For generations, black and brown parents have given their children “the talk”—instructing them never to run down the street; always keep your hands where they can be seen; do not even think of talking back to a stranger—all out of fear of how an officer with a gun will react to them.

We must not pretend that the countless people who are routinely targeted by police are “isolated.” They are the canaries in the coal mine whose deaths, civil and literal, warn us that no one can breathe in this atmosphere. … They are the ones who recognize that unlawful police stops corrode all our civil liberties and threaten all our lives. Until their voices matter too, our justice system will continue to be anything but.

—Dissent of Justice Sonia Sotamayor in Utah v.

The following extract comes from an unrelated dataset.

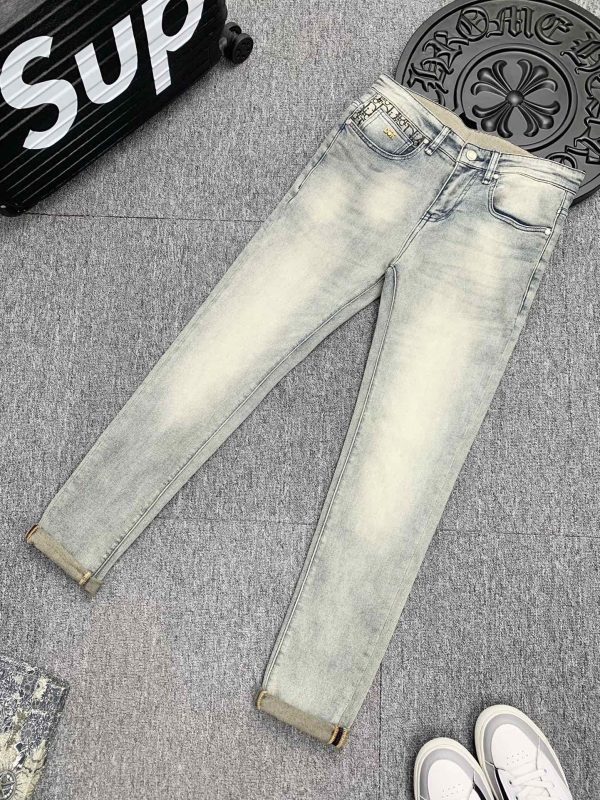 Dior 2023 summer thin new men's jeans The fabric has good elasticity. Exclusive sale, official website synchronization, fashion and elegance, heavy craft design - Image 3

Strieff

Eric Garner, Sandra Bland, Rekia Boyd, Michael Brown, Freddie Gray, Sam DuBose, Alton Sterling, Philando Castile, . . . . The litany of Black people who have lost their lives at the hands of the police or in police custody seems endless. People are killed and brutalized, but the legal system gives us no relief. Police officer after police officer is either not charged or acquitted. Police who kill are given paid vacation instead of being held accountable.

In the face of this situation, the future can seem bleak. However, the NAACP has been tackling seemingly intractable issues from its inception. Many of our victories would have seemed unattainable before members devoted years of hard work and attention to the issues of their day.

The goal of this toolkit is to assist in the mobilization of our state conferences and local units. This guide seeks to provide information useful for a long-term strategy of police reform. After reading this toolkit, members should be empowered to advocate for change in their local communities.